For this exercise, transcribe every line of the material exactly and skip the pictures.
◇ ◇ ◇ ◇ ◇ ◇ ◇
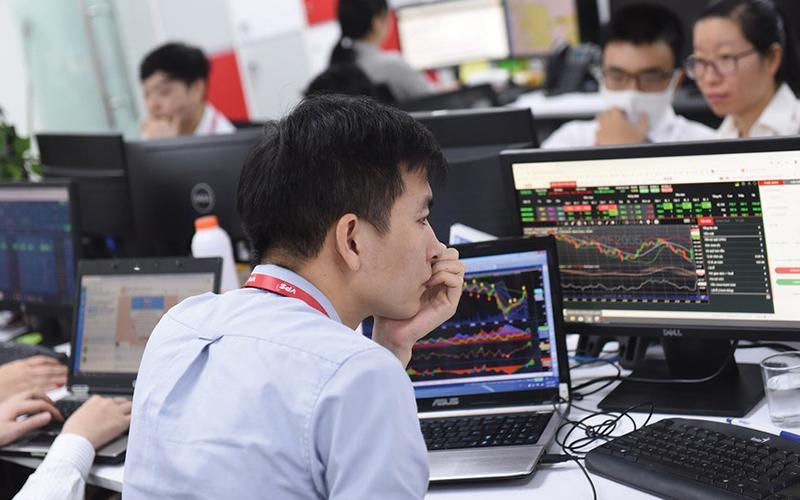 Dòng tiền lạc quan, lấn át nỗi lo doanh nghiệp suy yếu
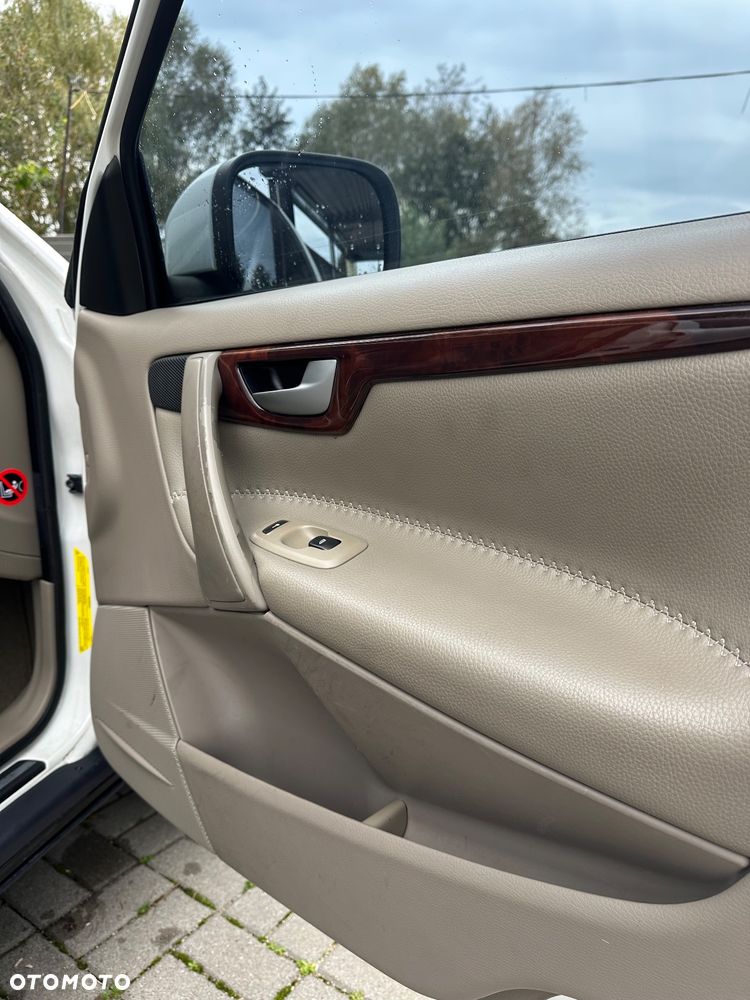 Volvo XC 70 AWD Momentum - 30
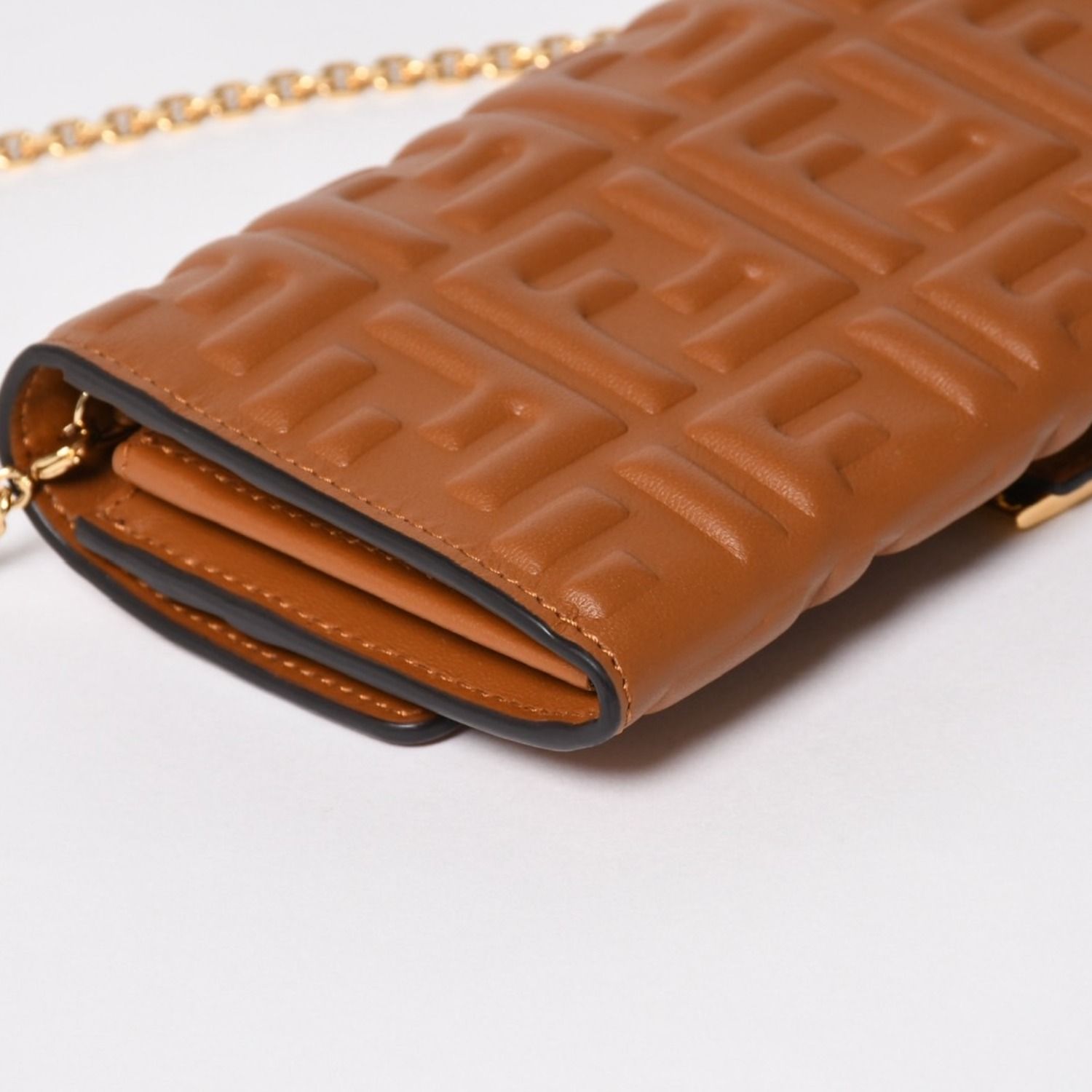 FENDI フェンディ 長財布 コンチネンタル財布 エンボス FFロゴ
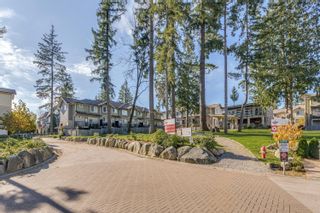 Photo 1: 10 5957 152 Street in Surrey: Sullivan Station Townhouse for sale in "PANORAMA STATION" : MLS®# R2423282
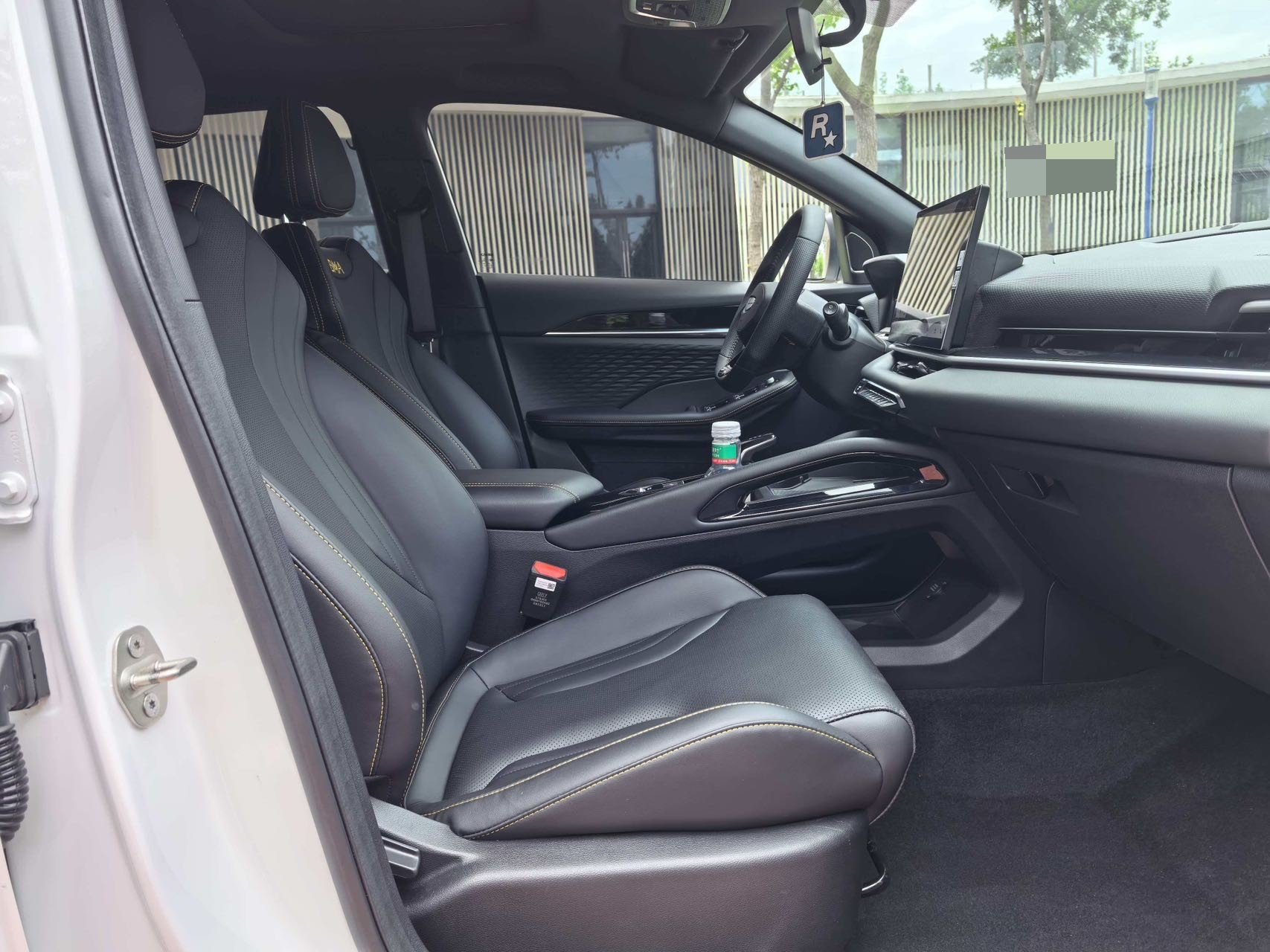 GEELY Coolray 2025 car image #5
◇ ◇ ◇ ◇ ◇ ◇ ◇
*Solution*:
 Dòng tiền lạc quan, lấn át nỗi lo doanh nghiệp suy yếu
 Volvo XC 70 AWD Momentum - 30
 FENDI フェンディ 長財布 コンチネンタル財布 エンボス FFロゴ
 Photo 1: 10 5957 152 Street in Surrey: Sullivan Station Townhouse for sale in "PANORAMA STATION" : MLS®# R2423282
 GEELY Coolray 2025 car image #5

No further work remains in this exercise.